3 мая. Врангелевка
Весь день обсуждали на разные лады требования юнкеров. Смолянинов говорит, что он сумеет повлиять на школьный комитет и что, возможно, они свои требования возьмут обратно. В пять часов было общее собрание офицеров и снова обсуждали положение. Споры и ругань. Останькович бегал между группами и все просил его защитить. Ососов держит себя хорошо, Полонский заявил, что он сдаст школу тогда, когда будет приказ, и никаким самочинным распоряжениям подчиняться не станет.
Экзамены отменены совсем. Юнкера целыми вечерами и даже ночами шляются по городу и возвращаются, иной раз, в семь-восемь часов утра! Руководят ими, несомненно, провокаторы и подонки из их же среды, при попустительстве Пшеничниковых и Хазовых.

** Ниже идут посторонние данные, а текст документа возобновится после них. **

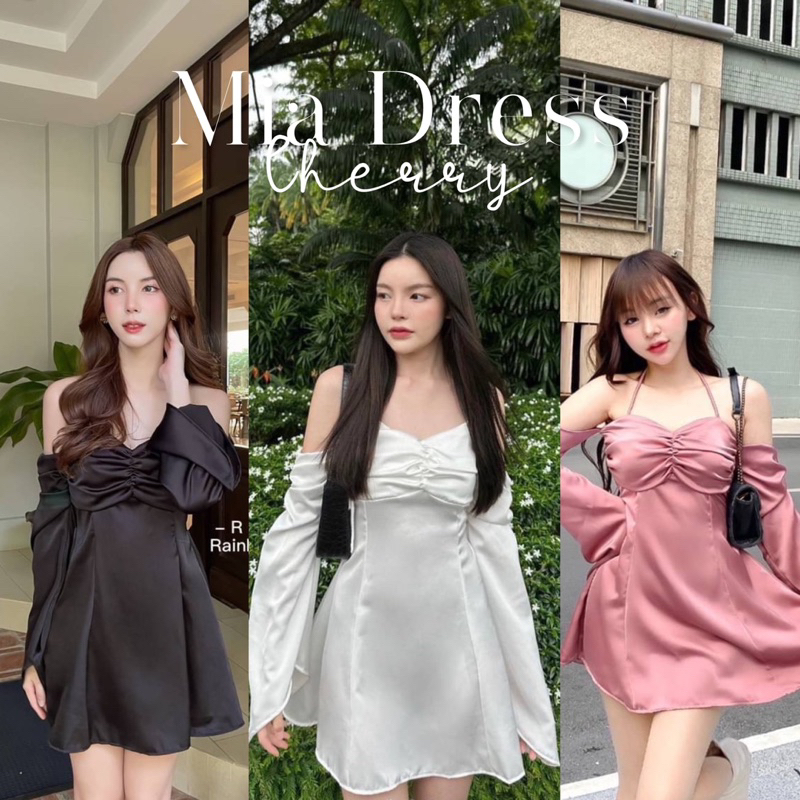 mia-dress-เดรสซาตินคุณหนู-ผ้าเนื้อดี-หรูหรา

Воспитание армейской пехотной среды сказалось: большинство офицеров, особенно старых, ведут себя униженно, дрянно, трусливо. Нет никакой сплоченности. Каждый боится за свою шкуру. А потом и полная некультурность и непонимание. Почти никто толком ни в чем не разбирается. Составилась небольшая группа, которая решила во всяком случае не играть жалкую роль и сколь возможно не плясать под дудочку юнкеров и Пшеничникова с Хазовым. Ососов, капитан Зарем-бо-Рацевич, офицер л[ейб]-г[вардии] Литовского полка, сын генерала-ополченца, штабс-капитан Зимин, капитан Макаров, офицер л[ейб]-г[вардии] Финляндского полка, Сергей Ушаков, Смолянинов — хотя он немного хитрит, к чему обязывает его пребывание в совете, прапорщик Иванов, я. Полонский, разумеется, всецело с нами, но не может, конечно, показать этого явно, потому что положение начальника школы заставляет его держаться нейтрально. Останькович и с нами и не с нами. Много таких, как Останькович, и рады бы с нами, да боятся, но в общем примкнут туда, чья возьмет, а возьмет в конце концов, несомненно, та сторона, потому что все идет к анархии и ее мы не избежим.